いずれにしてもLS600h/LS660hLは、これまでの既存の高級車にはない価値を提示したクルマであり、しかもその価値は日本の自動車メーカーでなければ提示し得なかったものである点が高く評価できる。走りのパフォーマンスや豪華さを競うだけでなく、高い環境性能などの新しい価値を併せ持つ点にLS600h/LS660hLの存在意義がある。
●お勧めグレード
LS600hの価格はレクサスのフラッグシップにふさわしい高さだ。ベースグレードでも970万円からの設定で、LS600hLの後席セパレートシートパッケージ装着車では実に1510万円という設定になる。まあおよそ一般のユーザーには関係のないクルマといえる。ちょうどメルセデス・ベンツのSクラスとオーバーラップする価格帯だが、ハイブリッドという新しい価値によってLSがどう評価されるか、大いに注目される。

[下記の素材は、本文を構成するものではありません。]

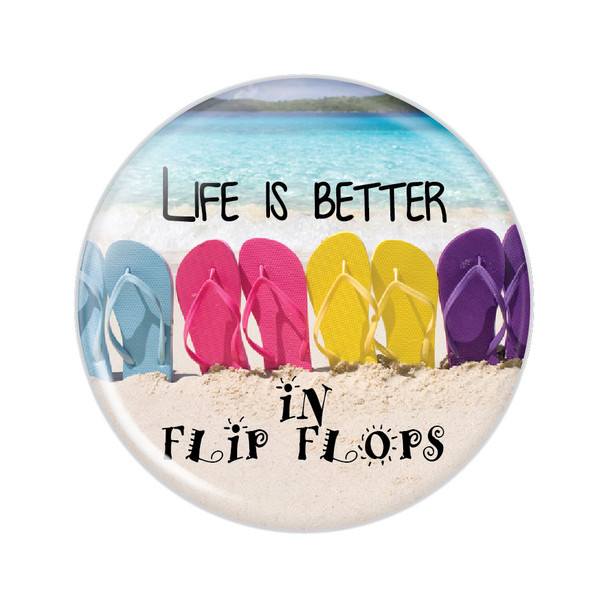 Life is Better In Flip Flops Button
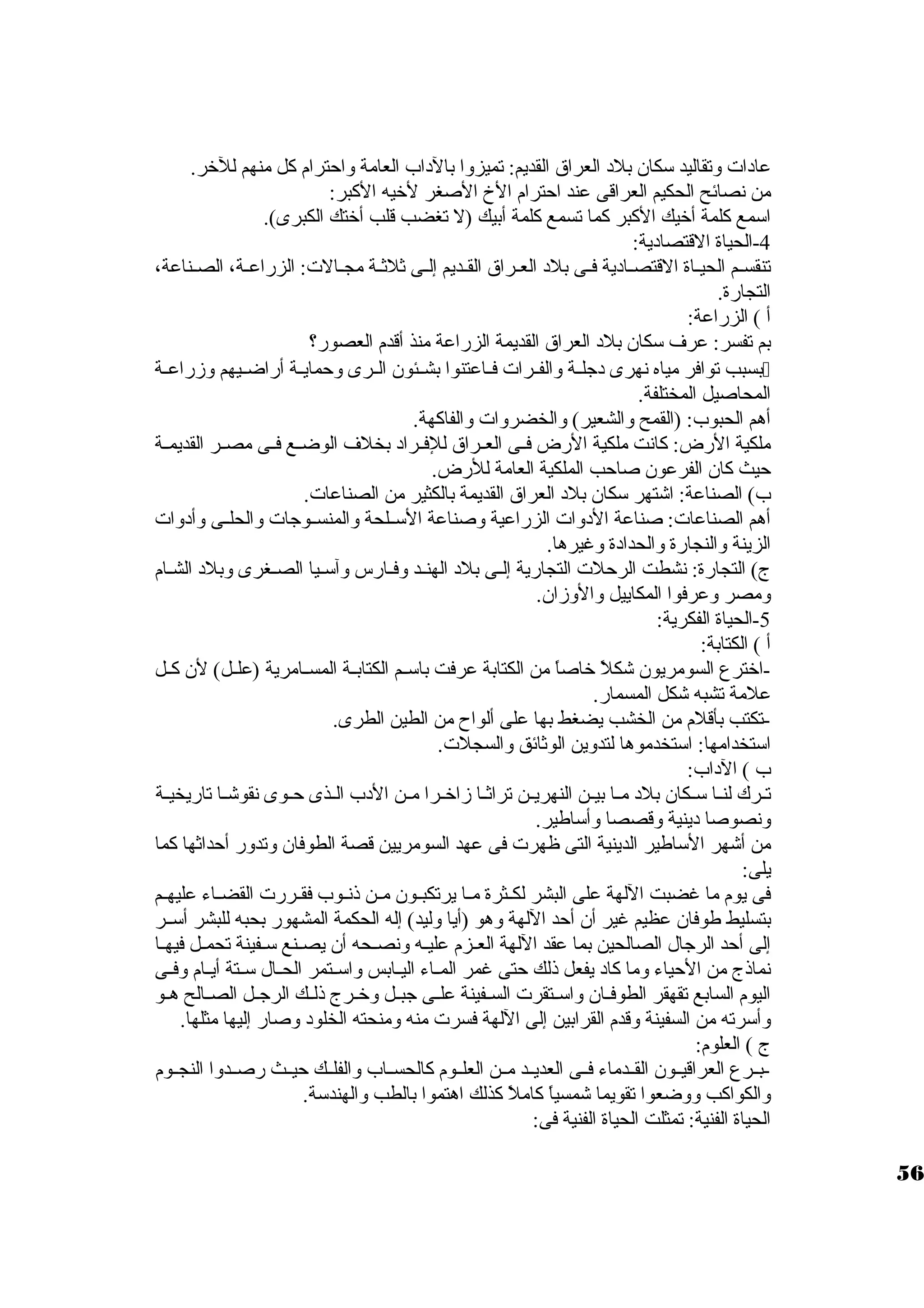 عادات  وتقاليد سوكان بلد العراق القديم: تميزوا بالداب العامة واحترام كل منهم للخر. 
من نصائح الحكيم العراقى عند احترام الخ  الصغر لخيه الكبر: 
اسومع كلمة أخيك الكبر كما تسمع كلمة أبيك (ل تغضب قلب أختك الكبرى). 
-4 الحياة القتصادية: 
تنقسييم الحيياة القتصييادية فيى بلد العيراق القييديم إلييى ثلثيية مجيالت : الزراعيية، الصيناعة، 
التجارة. 
أ ) الزراعة: 
بم تفسر: عرف سوكان بلد العراق القديمة الزراعة منذ أقدم العصور؟ 
بسبب توافر مياه نهرى دجليية والفييرات  فيياعتنوا بشييئون الييرى وحماييية أراضيييهم وزراعيية  
المحاصيل المختلفة. 
أهم الحبوب: (القمح والشعير) والخضروات  والفاكهة. 
ملكية الرض: كانت ملكية الرض فييى العييراق للفييراد بخلف الوضييع فييى مصيير القديميية 
حيث كان الفرعون صاحب الملكية العامة للرض. 
ب) الصناعة: اشتهر سوكان بلد العراق القديمة بالكثير من الصناعات . 
أهم الصناعات : صناعة الدوات  الزراعية وصناعة السوييلحة والمنسييوجات  والحلييى وأدوات  
الزينة والنجارة والحدادة وغيرها. 
ج) التجارة: نشطت الرحلت  التجارية إليى بلد الهنييد وفييارس وآسوييا الصييغرى وبلد الشيام 
ومصر وعرفوا المكاييل والوزان. 
-5 الحياة الفكرية: 
أ ) الكتابة: 
-اخترع السومريون شكلً  خاصاً  من الكتابة عرفت باسوييم الكتابيية المسييامرية (علييل) لن كييل 
علمة تشبه شكل المسمار. 
-تكتب بأقلم من الخشب يضغط بها على ألواح  من الطين الطرى. 
اسوتخدامها: اسوتخدموها لتدوين الوثائق والسجلت . 
ب ) الداب: 
تييرك لنييا سوييكان بلد مييا بييين النهرييين تراثييا زاخييرا ميين الدب الييذى حييوى نقوشييا تاريخييية 
ونصوصا دينية وقصصا وأسواطير. 
من أشهر السواطير الدينية التى ظهرت  فى عهد السومريين قصة الطوفان وتدور أحداثها كما 
يلى: 
فى يوم ما غضبت اللهة على البشر لكييثرة مييا يرتكبييون ميين ذنييوب فقييررت  القضيياء عليهييم 
بتسليط طوفان عظيم غير أن أحد اللهة وهو (أيا وليد) إله الحكمة المشهور بحبه للبشر أسويير 
إلى أحد الرجال الصالحين بما عقد اللهة العييزم علييه ونصييحه أن يصيينع سويفينة تحمييل فيهيا 
نماذج من الحياء وما كاد يفعل ذلك حتى غمر الميياء اليييابس واسوييتمر الحييال سوييتة أيييام وفييى 
اليوم السابع تقهقر الطوفييان واسوييتقرت  السييفينة علييى جبييل وخييرج ذلييك الرجييل الصييالح هييو 
وأسورته من السفينة وقدم القرابين إلى اللهة فسرت  منه ومنحته الخلود وصار إليها مثلها. 
ج ) العلوم: 
-بييرع العراقيييون القييدماء فييى العديييد ميين العلييوم كالحسيياب والفلييك حيييث رصييدوا النجييوم 
والكواكب ووضعوا تقويما شمسياً  كاملً  كذلك اهتموا بالطب والهندسوة. 
الحياة الفنية: تمثلت الحياة الفنية فى: 
56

LS600hではハイブリッド用の電池にニッケル水素電池を使っている。このために重量増が大きく、トランクのスペースも大きく食われているが、これはそう遠くない将来に軽くてスペース効率の良いリチウムイオン電池に置き換えられるはず。今の時点でオーダーしても年内納車は無理と言われているくらいだから、どうせなら次のマイナーチェンジで電池が変わるのを待ってから買うのもひとつの方法だ。